Souvenir of the game played at Manhattan Field, November 21, 1896

The rivalry is one of the oldest continuous rivalries in American sports, the oldest continuing rivalry in the history of American football, and is constituent to the Big Three academic, athletic and social rivalry among alumni and students associated with Harvard, Yale and Princeton universities.

The Kentucky Derby and Westminster Kennel Club Dog Show example American sporting events that are older or have been engaged continuously longer than this contest.

Princeton claims 28 collegiate football national championships. Yale claims 27 collegiate national football championship. The rivalry has also been played beyond the gridiron, with Princeton's Undergraduate Dean of Admissions hacking the Yale undergraduate admissions website in 2002.

Princeton and Yale first met on the gridiron in 1873 and soon dominated the sport. Princeton has been considered the best football program of the nineteenth century. Princeton played the University of Virginia in 1890, a contest considered the first major North–South intersectional football matchup. Princeton won, 116–0. Yale's record was 100–4–5 in the 1900s.

In the mid to late 20th century a saying regarding the fortunes of the Yale football program gained currency among different constituencies. As reported in the November 9, 1970, issue of Sports Illustrated, the saying offered that the alumni would rather beat Harvard, the coaches would rather beat Dartmouth, and "the players would rather beat Princeton".

Some past teams and participants have been noteworthy:

During the 25 seasons spanning 1869 through 1894 the consensus collegiate national champion was either Princeton (16 titles) or Yale (13 titles);

Three of four Heisman Trophy winners affiliated with Ivy League football programs participated in the rivalry: Clint Frank and Larry Kelley for Yale, and Dick Kazmaier for Princeton. Frank won the first Maxwell Award in 1937 and Kazmaier won the Award in 1951;

Twenty nine members of the College Football Hall of Fame have been associated with Yale's football program. Twenty six members of the Hall of Fame have been associated with Princeton's football program;

Princeton won the 1950 and 1951 Lambert Trophy. Princeton last claimed a collegiate national championship in 1950. Yale shared the Lambert in 1960 with the Navy team;

Footage from the 1903 game

The first time a movie camera recorded a football game was the November 14, 1903, Princeton–Yale contest. Thomas Alva Edison manned the camera;

Twenty-five teams, eleven representing Princeton and fourteen representing Yale, have won outright or shared the Ivy League football title;

Only The Rivalry, between Lafayette and Lehigh, has been contested more often in football.

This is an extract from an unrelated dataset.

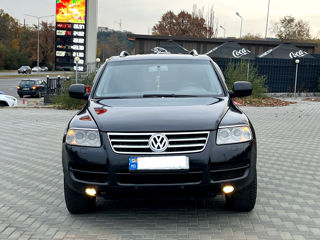 Volkswagen Touareg foto 2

The Princeton–Yale football rivalry, many contests scheduled on Thanksgiving at the Polo Grounds or in the New York metropolitan area during the late nineteenth century, is older and has been played more often than the Harvard–Yale, Army–Navy, Cornell–Penn, Columbia–Cornell, Penn State–Pitt, Amherst–Williams, Minnesota–Wisconsin, Indiana–Purdue, UNC–UVA, Auburn–Georgia, Cal–Stanford, or Andover–Exeter football rivalries.

Yale leads the series, 82–55–10.

==Notable contests==
- 1873
College of New Jersey captain Cyrus Dershimer led the Tigers to victory, 3–0, November 15, 1873, in the inaugural contest. "A leather covered, egg-shaped projectile was tossed and kicked on a field that measured 120 yards in length and 75 yards in width." The College of New Jersey's trustees adopted the current name in 1896, announced during the school's sesquicentennial celebration.

- 1876
Yale won, 2–0, on Thanksgiving Day in Hoboken, New Jersey. The contest was the first football game of any type played on Thanksgiving Day.

- 1879
The 1879 game, a season-ending scoreless tie in Hoboken, was Frederic Remington's last game at Yale. Walter Camp captained the Yale team. The programs, College of New Jersey 4–0–1 and Yale 3–0–2, were named consensus co-national champions.

Remington, reputed to dunk his uniform in animal blood "to look more businesslike on the field," removed from New Haven to take care of his ailing father, then headed to the American frontier. Remington's illustrations of cowboys there became iconic images of the mythic West.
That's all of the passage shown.